- **Work to be completed**
Only the final stretch of the data is wanted: reproduce the line containing "Palmitoylethanolamide capsules pour" and each line after it, exactly.

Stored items

=== Begin Enclosure ===

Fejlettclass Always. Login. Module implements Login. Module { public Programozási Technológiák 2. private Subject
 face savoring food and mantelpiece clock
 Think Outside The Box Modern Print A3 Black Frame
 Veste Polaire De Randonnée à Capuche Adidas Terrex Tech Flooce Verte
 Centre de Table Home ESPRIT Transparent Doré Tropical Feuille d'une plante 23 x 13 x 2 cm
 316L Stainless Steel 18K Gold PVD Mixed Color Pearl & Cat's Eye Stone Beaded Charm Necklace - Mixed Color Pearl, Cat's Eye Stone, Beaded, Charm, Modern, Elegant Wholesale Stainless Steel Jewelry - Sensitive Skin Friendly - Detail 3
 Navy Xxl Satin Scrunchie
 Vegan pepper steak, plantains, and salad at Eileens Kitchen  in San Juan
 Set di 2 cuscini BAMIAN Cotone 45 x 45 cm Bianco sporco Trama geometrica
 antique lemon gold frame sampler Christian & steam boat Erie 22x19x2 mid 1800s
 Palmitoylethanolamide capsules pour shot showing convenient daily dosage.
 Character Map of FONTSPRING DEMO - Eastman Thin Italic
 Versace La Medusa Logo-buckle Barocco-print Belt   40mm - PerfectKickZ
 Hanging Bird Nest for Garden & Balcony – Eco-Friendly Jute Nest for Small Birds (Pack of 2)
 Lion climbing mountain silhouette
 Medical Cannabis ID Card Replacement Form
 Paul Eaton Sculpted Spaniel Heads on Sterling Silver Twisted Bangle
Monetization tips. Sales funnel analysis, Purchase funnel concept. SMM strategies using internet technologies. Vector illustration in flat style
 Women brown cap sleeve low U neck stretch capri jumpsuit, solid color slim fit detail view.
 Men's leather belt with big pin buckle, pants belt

=== End Enclosure ===

- **Output below**
 Palmitoylethanolamide capsules pour shot showing convenient daily dosage.
 Character Map of FONTSPRING DEMO - Eastman Thin Italic
 Versace La Medusa Logo-buckle Barocco-print Belt   40mm - PerfectKickZ
 Hanging Bird Nest for Garden & Balcony – Eco-Friendly Jute Nest for Small Birds (Pack of 2)
 Lion climbing mountain silhouette
 Medical Cannabis ID Card Replacement Form
 Paul Eaton Sculpted Spaniel Heads on Sterling Silver Twisted Bangle
Monetization tips. Sales funnel analysis, Purchase funnel concept. SMM strategies using internet technologies. Vector illustration in flat style
 Women brown cap sleeve low U neck stretch capri jumpsuit, solid color slim fit detail view.
 Men's leather belt with big pin buckle, pants belt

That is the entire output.